Escapei desse livro mais de uma vez. Passando os olhos pelas estantes das livrarias, tateei a bem acabada publicação da editora Record em algumas ocasiões. O Filho Eterno, de Cristóvão Tezza. O título chamava a atenção e havia em mim alguma curiosidade pelo autor, sobre o qual eu já havia lido ou ouvido algo a respeito. Em 07/10/2017, enfim, num passeio com a esposa grávida (ainda não sabíamos da novidade) pela Livraria Empório Cultural no Shopping Boulevard Bauru, comprei o livro. Era uma manhã nublada de um sábado primaveril. A fase chuvosa do ano chegara e a leitura me chamava. Eu precisava muito disso e sabia que havia chegado a hora.

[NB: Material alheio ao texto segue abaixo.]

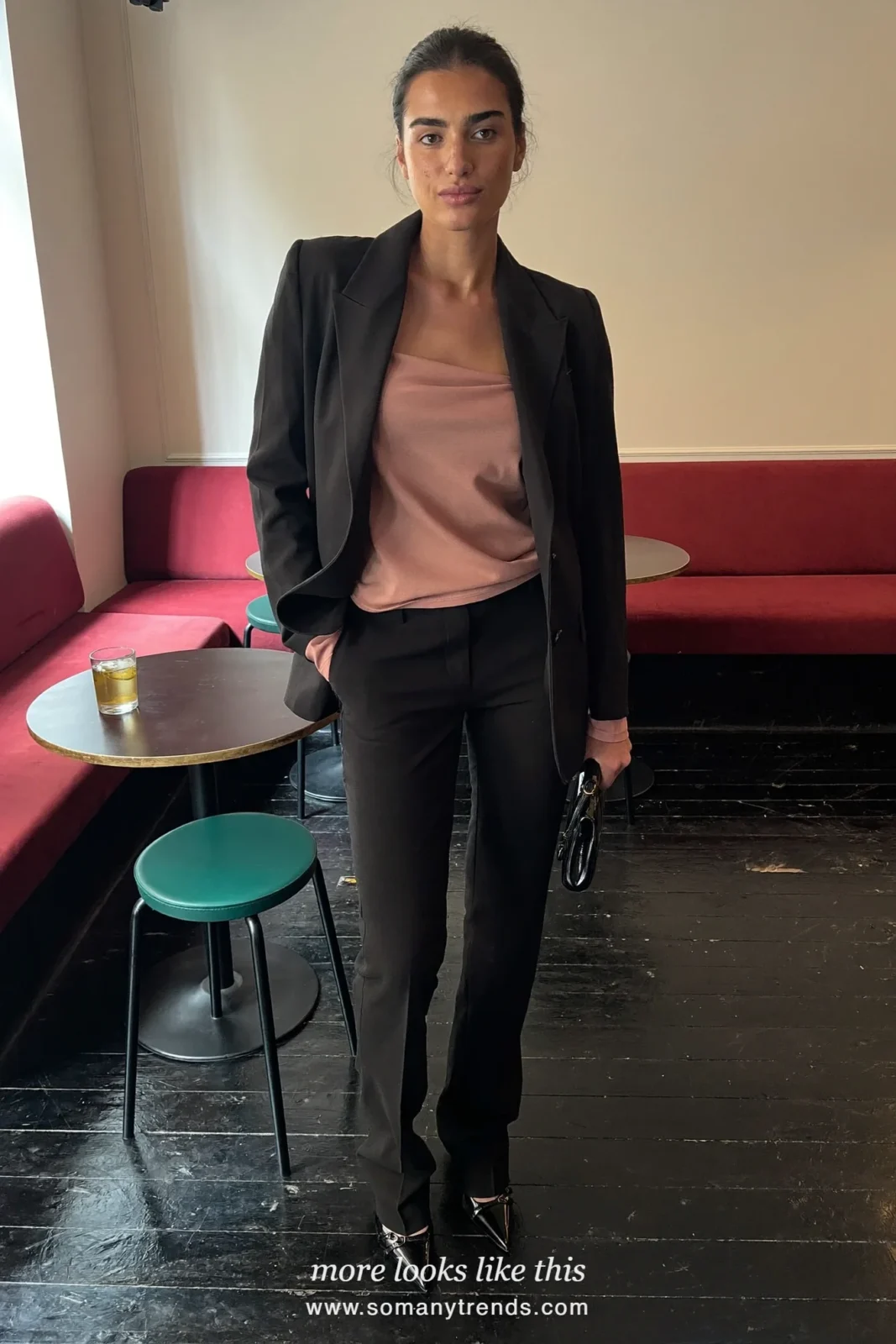 Woman in a rose camisole, black blazer, black flare pants and black pointed heels in a bar with red banquettes, outfit 23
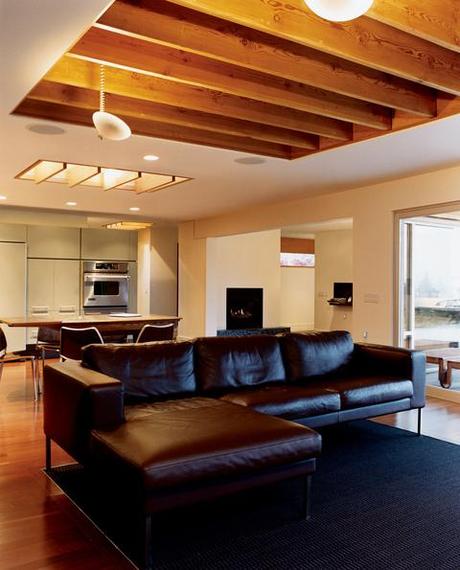 brown couch wood floors and ceiling wheelchair friendly home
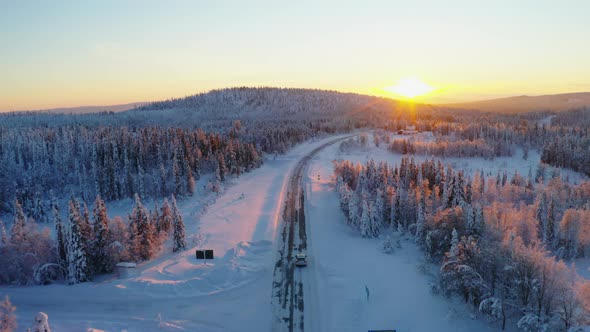 Aerial view above vehicle joining snowy remote road heading towards woodland mountain sunrise alt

Durante alguns dias, carreguei o livro comigo pra onde quer que eu fosse. Lembro de um passeio no SESC Araraquara, em que cheguei antes da hora de abertura do espaço e fiquei  lendo enquanto aguardava, dentro do carro estacionado na rua lateral, sob uma árvore gostosa. Lembro também de um domingo de manhã em que fiquei lendo sentado num dos bancos rotos do Parque Infantil enquanto os aspirantes a atleta davam voltas em torno do parque. Lembro de vários trechos lidos em voz alta pra esposa grávida (agora já sabíamos!) e dos medos que as páginas nos traziam, já que estávamos a esperar um bebê ainda de poucos meses.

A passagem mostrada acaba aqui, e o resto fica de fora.